L'INFLUENCE DE MARIE DANS LA SANCTIFICATION DES ÂMES (6)
Un autre illustre tertiaire dominicain, lui aussi missionnaire zélé, fondateur d’un saint institut [Ndt : la Compagnie des prêtres de Saint-Sulpice], et précurseur du Bienheureux de Montfort lui-même dans la dévotion spéciale à la Vierge, le très pieux Monsieur Olier, n’hésitait pas à dire (Pensées choisies, 1916, p. 95-97) : « Elle possède, dans l’éminence de l’esprit et de la grâce, tout ce qu’il y a de grand et d’auguste dans l’Église. Si elle n’exerce pas, comme celle-ci, des fonctions visibles, elle n’en agit pas moins d’une manière conforme à son état, à son sexe et à sa condition de mère. Si elle n’offre pas immédiatement Jésus-Christ sous les apparences du pain et du vin, elle l’offre immédiatement à Dieu dans le Temple. Bien qu’extérieurement elle n’exerce pas les fonctions d’apôtre (…), elle a un zèle immense pour la gloire de Dieu, et possède le pouvoir caché de veiller à envoyer secrètement, par les voies de l’Esprit et de l’amour divin, des missionnaires zélés partout dans le monde.— Cet apostolat de Jésus en Marie est celui qui doit gagner tous les cœurs à Dieu et renouveler l’Église tout entière. Et Jésus (…) est ravi de la voir renouveler tout le clergé et sanctifier les peuples par des voies inconnues. (…) La Sainte Mère de Jésus le voit habiter en Elle et accomplir par Elle-même tous les biens de l’Église. (…) Jésus fait en Marie le dépôt et le réceptacle de tous ses bienfaits et de ses richesses ; en Elle, Il renferme tout, et par Elle, Il veut tout répandre sur tous les hommes. — C’est pourquoi Jésus se trouve en Marie et Marie en Jésus, l’apôtre et le pontife de toute l’Église, la lumière et la vie de toute créature ».

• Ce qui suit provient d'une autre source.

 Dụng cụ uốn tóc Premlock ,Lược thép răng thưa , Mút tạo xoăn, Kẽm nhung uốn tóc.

CHAPITRE III : TITRES PAR LESQUELS MARIE EST INVOQUÉE ET TEXTES SACRÉS QUI LUI SONT ATTRIBUÉS
Nous allons voir à présent à quel point tous ces titres très nobles, par lesquels les fidèles saluent et invoquent la Très Sainte Vierge, lui correspondent, et à quel point les magnifiques textes sapientiaux que l’Église lui attribue lui conviennent véritablement et réellement.

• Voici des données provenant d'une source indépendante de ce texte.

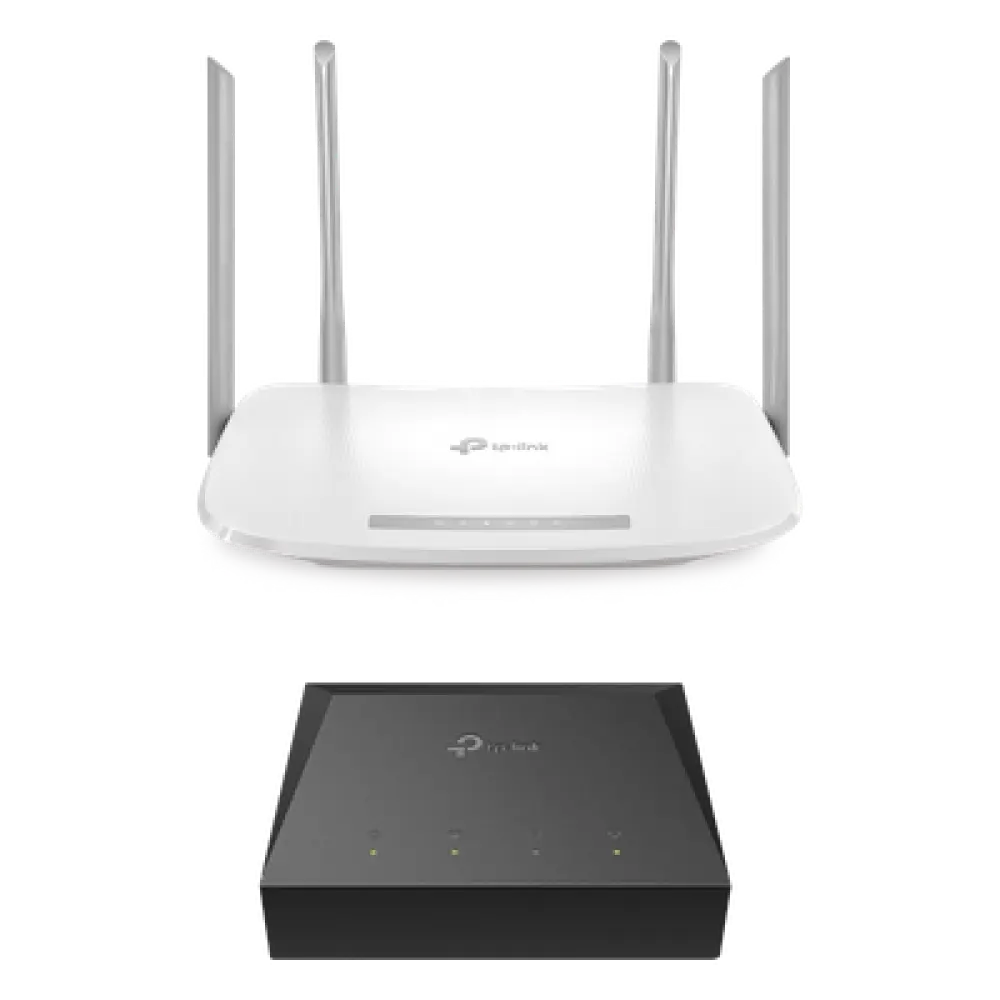 Kit ONU Gigabit / Router Wi-Fi AC1200 / 4 Puertos LAN Gigabit / 4 Antenas Omnidireccionales / Administración Remota TR-069 / IPv6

Marie est un véritable vase spirituel, qui contient toutes les bénédictions de Dieu, tous les charismes du Saint-Esprit et toutes les grâces, si pleinement que nous pouvons tous recevoir de sa plénitude. Elle mérite bien ainsi d’être regardée comme le cœur de l’Église. Elle met en effet en mouvement tout le mécanisme sanctificateur de ce Corps mystique, et diffuse la vie et l’énergie dans tous ses organes, jusqu’aux plus nobles, comme le dit Olier (op. cit., p. 137), qu’elle elle « remplit de force et de vigueur ». — « Si les Apôtres, ajoute-t-il (p. 138), proclament l’Évangile dans tout l’univers, s’ils répandent les flammes du saint amour, s’ils sont victorieux du monde et de l’enfer, c’est Elle qui est la parole qui les rend éloquents, la lumière qui les éclaire, l’amour qui les consume et la puissance qui les rend redoutables aux yeux des tyrans et des démons ».
Ainsi réside véritablement en Elle, d’une certaine manière, la « grâce de tout chemin et de toute vérité », et par conséquent, « toute espérance de vie et de vertu » (Eccli. 24, 25).
C’est pourquoi Elle invite avec tant d’amour tous ses fidèles à « aller à Elle », à s’abandonner pleinement entre ses mains, par la sainte servitude, pour vivre en Elle et être comblés de ses trésors et des fruits très riches de vie qu’elle produit dans les âmes, en recevant son esprit plus doux que le miel (ib. 26-27). Cet esprit est l’héritage inestimable de ses enfants et de ses serviteurs bien-aimés, lesquels sont les véritables et parfaits serviteurs et enfants du Seigneur, lesquels s’approchent, assoiffés, des eaux mystiques (ib. ; Is. 54, 17 ; 55, 1), guidés en tout par l’Esprit divin.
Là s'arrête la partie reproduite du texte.